From servers in a data center to desktop computers, many devices communicating on a network will eventually have to filter network traffic, whether it's for security or performance reasons. As a result, this is a domain where a lot of work is put into improving performance: a tiny performance improvement can have considerable gains. Bpfilter is a project that allows for packet filtering to easily be done with BPF, which can be faster than other mechanisms.

Iptables was the standard packet-filtering solution for a long time, but has been slowly replaced by nftables. The iptables command-line tool communicates with the kernel by sending/receiving binary data using the setsockopt() and getsockopt() system calls. Then, for each network packet, iptables will compare the data in the packet to the matching criteria defined in a set of user-configurable rules. Nftables was implemented differently: the filtering rules are translated into Netfilter bytecode that is loaded into the kernel. When a network packet is received, it is processed by running the bytecode in a dedicated virtual machine.

Nftables was in turn supplanted in some areas by BPF: custom programs written in a subset of the C language, compiled and loaded into the kernel. BPF, as a packet-filtering solution, offers a lot of flexibility: BPF programs can have access to the raw packet data, allowing the packet to continue its path through the network stack, or not. This makes sense, since BPF was originally intended for packet filtering.

Each tool described above tries to solve the same problem: fast and efficient network-traffic filtering and redirection. They all have their advantages and disadvantages. One generally would not write BPF-C to filter traffic on their laptop and trade the performance of BPF for the ease of use of iptables and nftables. In the professional world, though, it can be worth the effort to write the packet-filtering logic to get as much performance as possible out of the network hardware at the expense of maintainability.

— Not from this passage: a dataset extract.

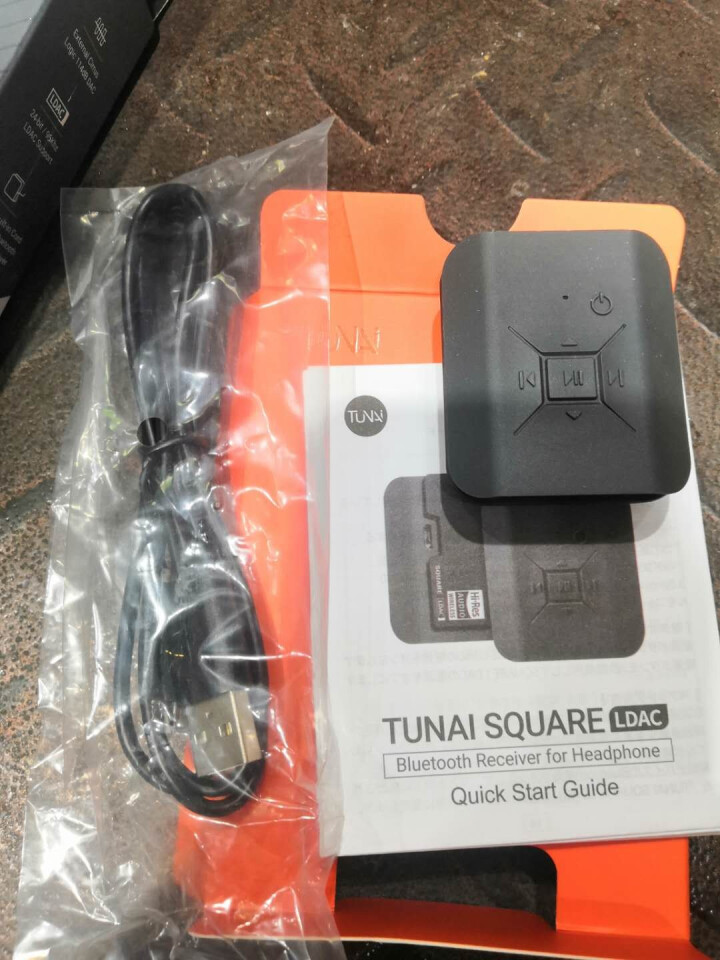 TUNAI Square蓝牙耳放LDAC无损音乐解码接收器HiRes便携无线放大器可连有线耳机音箱 黑色 蓝牙耳放,第3张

Based on this observation, one might think we would welcome an alternative that combines the ease of use of nftables and performance of BPF. This is where bpfilter comes in. In 2018, Alexei Starovoitov, Daniel Borkmann, and David S. Miller proposed bpfilter as a way to transparently increase iptables performance by translating the filtering rules into BPF programs directly in the kernel ... sort of. Bpfilter was implemented as a user-mode helper, a user-space process started from the kernel, which allows for user-space tools to be used for development and prevents the translation logic from crashing the kernel.

Eventually, a proof of concept was merged, and the work on bpfilter continued in a first and second patch series by Dmitrii Banshchikov, and a third patch series that I wrote. Eventually, in early 2023, Starovoitov and I decided to make bpfilter a freestanding project, removing the user-mode helper from the kernel source tree.

Technical architecture

From a high-level standpoint, bpfilter (the project) can be described as having three different components:

  • bpfilter (the daemon): generates and manages the BPF programs to perform network-traffic filtering.
  • libbpfilter: a library to communicate with the daemon.
  • bfcli: a way to interact with the daemon from the command line. That's the tool one would use to create a new filtering rule.
[bpfilter's 3 main components]

To understand how the three components interact, we'll follow the path of a filtering rule, from its definition by the user, to the filtered traffic.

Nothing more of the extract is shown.